What is expected →
Check each line of the records below and collect those that include the word "going".

>>

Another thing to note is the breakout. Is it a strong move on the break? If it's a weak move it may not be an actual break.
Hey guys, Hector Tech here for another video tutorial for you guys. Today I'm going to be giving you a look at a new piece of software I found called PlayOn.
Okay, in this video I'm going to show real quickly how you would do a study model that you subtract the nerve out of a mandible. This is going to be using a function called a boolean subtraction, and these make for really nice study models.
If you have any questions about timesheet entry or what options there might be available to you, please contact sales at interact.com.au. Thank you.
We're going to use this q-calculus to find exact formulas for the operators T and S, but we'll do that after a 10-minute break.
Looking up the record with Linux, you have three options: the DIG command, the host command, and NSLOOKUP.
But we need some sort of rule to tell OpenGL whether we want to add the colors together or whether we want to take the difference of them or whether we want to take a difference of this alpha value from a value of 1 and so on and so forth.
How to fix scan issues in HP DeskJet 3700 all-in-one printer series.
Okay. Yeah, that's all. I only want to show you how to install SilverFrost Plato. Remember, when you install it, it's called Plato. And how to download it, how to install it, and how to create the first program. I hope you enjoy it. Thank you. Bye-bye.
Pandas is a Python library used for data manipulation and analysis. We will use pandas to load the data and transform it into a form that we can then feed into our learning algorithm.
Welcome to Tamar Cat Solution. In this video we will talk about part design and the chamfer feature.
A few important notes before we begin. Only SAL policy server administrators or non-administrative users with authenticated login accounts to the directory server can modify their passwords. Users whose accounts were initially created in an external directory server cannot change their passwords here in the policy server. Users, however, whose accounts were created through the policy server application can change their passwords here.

<<

Response below →
Hey guys, Hector Tech here for another video tutorial for you guys. Today I'm going to be giving you a look at a new piece of software I found called PlayOn.
Okay, in this video I'm going to show real quickly how you would do a study model that you subtract the nerve out of a mandible. This is going to be using a function called a boolean subtraction, and these make for really nice study models.
We're going to use this q-calculus to find exact formulas for the operators T and S, but we'll do that after a 10-minute break.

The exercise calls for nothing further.